◆ Problem to work on: For every entry below, give an exact repeat and leave out the pictures.

◆ Entries shown:

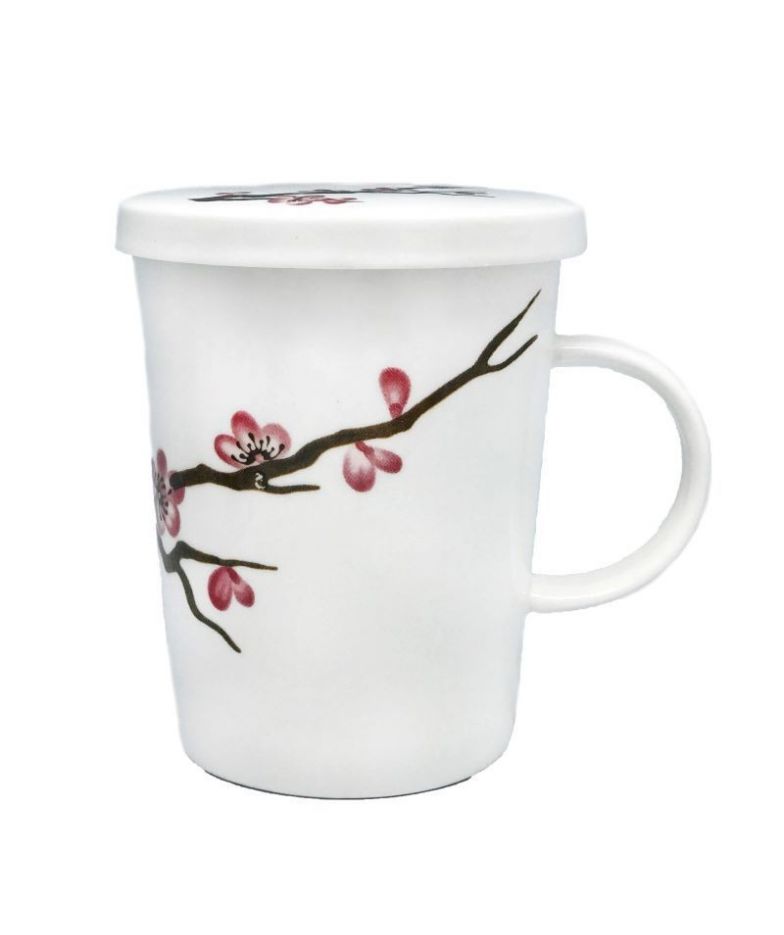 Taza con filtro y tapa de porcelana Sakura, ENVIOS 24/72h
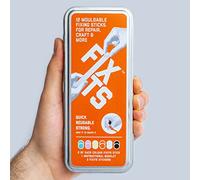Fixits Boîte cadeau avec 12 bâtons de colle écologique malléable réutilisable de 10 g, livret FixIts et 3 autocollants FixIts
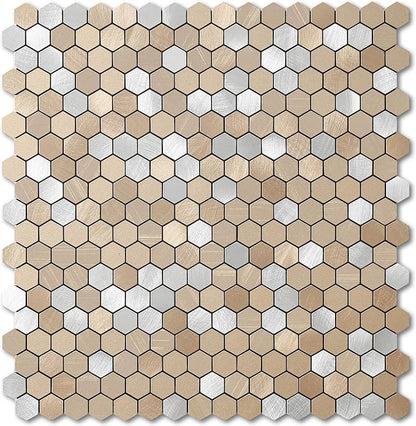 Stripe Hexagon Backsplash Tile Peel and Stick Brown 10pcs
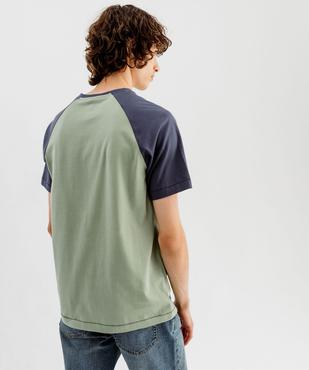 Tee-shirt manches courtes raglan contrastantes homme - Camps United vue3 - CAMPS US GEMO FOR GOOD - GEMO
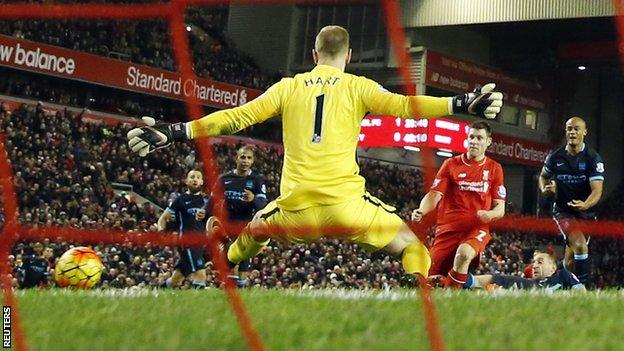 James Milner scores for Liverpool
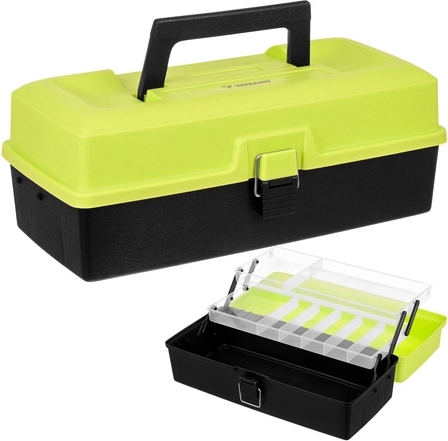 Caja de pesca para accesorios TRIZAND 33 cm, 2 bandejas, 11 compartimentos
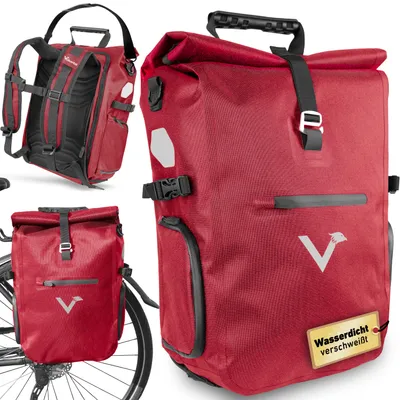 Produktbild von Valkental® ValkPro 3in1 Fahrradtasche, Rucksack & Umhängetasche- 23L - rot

◆ Response to the exercise:
 Taza con filtro y tapa de porcelana Sakura, ENVIOS 24/72h
Fixits Boîte cadeau avec 12 bâtons de colle écologique malléable réutilisable de 10 g, livret FixIts et 3 autocollants FixIts
 Stripe Hexagon Backsplash Tile Peel and Stick Brown 10pcs
 Tee-shirt manches courtes raglan contrastantes homme - Camps United vue3 - CAMPS US GEMO FOR GOOD - GEMO
 James Milner scores for Liverpool
 Caja de pesca para accesorios TRIZAND 33 cm, 2 bandejas, 11 compartimentos
 Produktbild von Valkental® ValkPro 3in1 Fahrradtasche, Rucksack & Umhängetasche- 23L - rot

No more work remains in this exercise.